# Suwannee, FL May 22-25



## Cartoscro (Sep 10, 2012)

Anybody know if this is a good area to take my road bike?


----------



## mimason (Oct 7, 2006)

No idea but you may want to contact Gainsville Cycle Club that is not too far away.

Gainesville Cycling Club


----------



## Cartoscro (Sep 10, 2012)

Thanks. I will contact them closer to that time.


----------



## Slip Stream (Jul 19, 2002)

FDOT requires all roads paved or repaved to include bike lines. All of Florida is a great place to road bike. Keep your eyes and ears open, the old folks are very bad drivers. The kids are worse.


----------



## mimason (Oct 7, 2006)

Slip Stream said:


> FDOT requires all roads paved or repaved to include bike lines. .


Do you have a reference for this? I'd like to see this. thanks.


----------



## Slip Stream (Jul 19, 2002)

mimason said:


> Do you have a reference for this? I'd like to see this. thanks.
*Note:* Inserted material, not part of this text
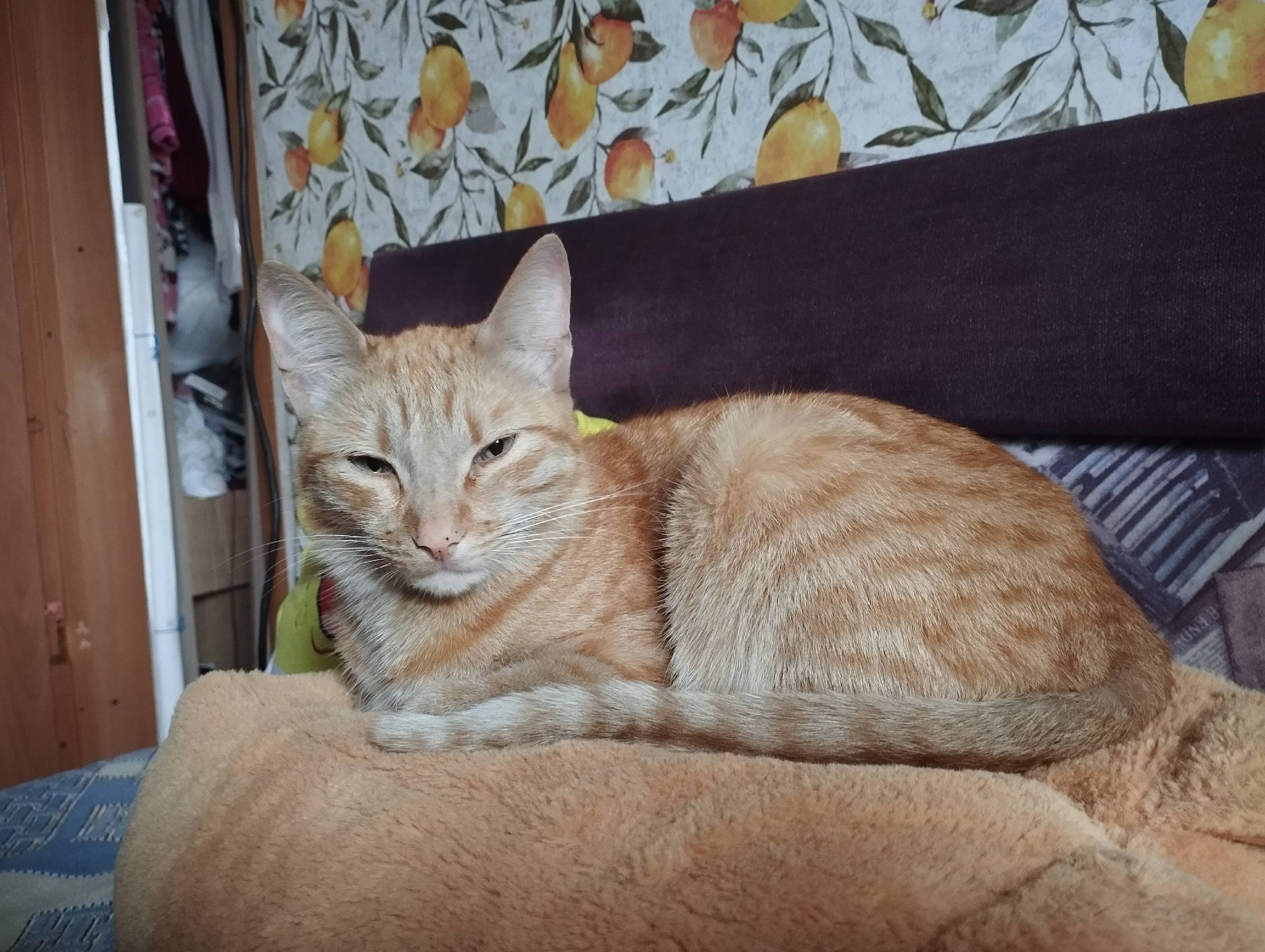 Думаете, обычный кот? Нет, оби...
s. 335.065 – Bicycle and Pedestrian Ways Along State Roads and Transportation Facilities

(1)(a) Bicycle and pedestrian ways shall be given full consideration in the planning and development of transportation facilities, including the incorporation of such ways into state, regional, and local transportation plans and programs. Bicycle and pedestrian ways shall be established in conjunction with the construction, reconstruction, or other change of any state transportation facility, and special emphasis shall be given to projects in or within 1 mile of an urban area.


----------